**Task goal:**
In this exercise, the entries below are to be transcribed exactly, line by line.

**Data supplied:**
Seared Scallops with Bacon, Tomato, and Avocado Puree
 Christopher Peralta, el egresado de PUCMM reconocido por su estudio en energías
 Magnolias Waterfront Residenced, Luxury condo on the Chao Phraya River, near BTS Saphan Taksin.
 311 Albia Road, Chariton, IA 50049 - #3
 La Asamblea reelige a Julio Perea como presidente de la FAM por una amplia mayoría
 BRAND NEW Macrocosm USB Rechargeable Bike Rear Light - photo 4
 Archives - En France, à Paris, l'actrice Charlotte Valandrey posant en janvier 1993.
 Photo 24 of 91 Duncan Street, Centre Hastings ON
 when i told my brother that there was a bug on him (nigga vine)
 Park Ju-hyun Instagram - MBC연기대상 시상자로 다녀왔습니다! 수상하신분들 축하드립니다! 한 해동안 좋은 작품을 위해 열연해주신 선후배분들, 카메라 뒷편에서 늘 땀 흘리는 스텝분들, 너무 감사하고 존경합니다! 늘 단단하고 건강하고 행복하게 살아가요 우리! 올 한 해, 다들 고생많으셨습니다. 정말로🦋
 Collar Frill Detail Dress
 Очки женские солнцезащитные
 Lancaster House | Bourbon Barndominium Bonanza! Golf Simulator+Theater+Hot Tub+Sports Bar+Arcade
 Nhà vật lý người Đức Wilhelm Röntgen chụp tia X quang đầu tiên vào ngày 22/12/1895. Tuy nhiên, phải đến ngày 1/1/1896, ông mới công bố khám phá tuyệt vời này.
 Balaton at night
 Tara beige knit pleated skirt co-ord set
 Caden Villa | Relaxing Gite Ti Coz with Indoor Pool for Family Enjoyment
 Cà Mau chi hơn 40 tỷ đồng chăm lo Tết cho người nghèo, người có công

**Your solution:**
Seared Scallops with Bacon, Tomato, and Avocado Puree
 Christopher Peralta, el egresado de PUCMM reconocido por su estudio en energías
 Magnolias Waterfront Residenced, Luxury condo on the Chao Phraya River, near BTS Saphan Taksin.
 311 Albia Road, Chariton, IA 50049 - #3
 La Asamblea reelige a Julio Perea como presidente de la FAM por una amplia mayoría
 BRAND NEW Macrocosm USB Rechargeable Bike Rear Light - photo 4
 Archives - En France, à Paris, l'actrice Charlotte Valandrey posant en janvier 1993.
 Photo 24 of 91 Duncan Street, Centre Hastings ON
 when i told my brother that there was a bug on him (nigga vine)
 Park Ju-hyun Instagram - MBC연기대상 시상자로 다녀왔습니다! 수상하신분들 축하드립니다! 한 해동안 좋은 작품을 위해 열연해주신 선후배분들, 카메라 뒷편에서 늘 땀 흘리는 스텝분들, 너무 감사하고 존경합니다! 늘 단단하고 건강하고 행복하게 살아가요 우리! 올 한 해, 다들 고생많으셨습니다. 정말로🦋
 Collar Frill Detail Dress
 Очки женские солнцезащитные
 Lancaster House | Bourbon Barndominium Bonanza! Golf Simulator+Theater+Hot Tub+Sports Bar+Arcade
 Nhà vật lý người Đức Wilhelm Röntgen chụp tia X quang đầu tiên vào ngày 22/12/1895. Tuy nhiên, phải đến ngày 1/1/1896, ông mới công bố khám phá tuyệt vời này.
 Balaton at night
 Tara beige knit pleated skirt co-ord set
 Caden Villa | Relaxing Gite Ti Coz with Indoor Pool for Family Enjoyment
 Cà Mau chi hơn 40 tỷ đồng chăm lo Tết cho người nghèo, người có công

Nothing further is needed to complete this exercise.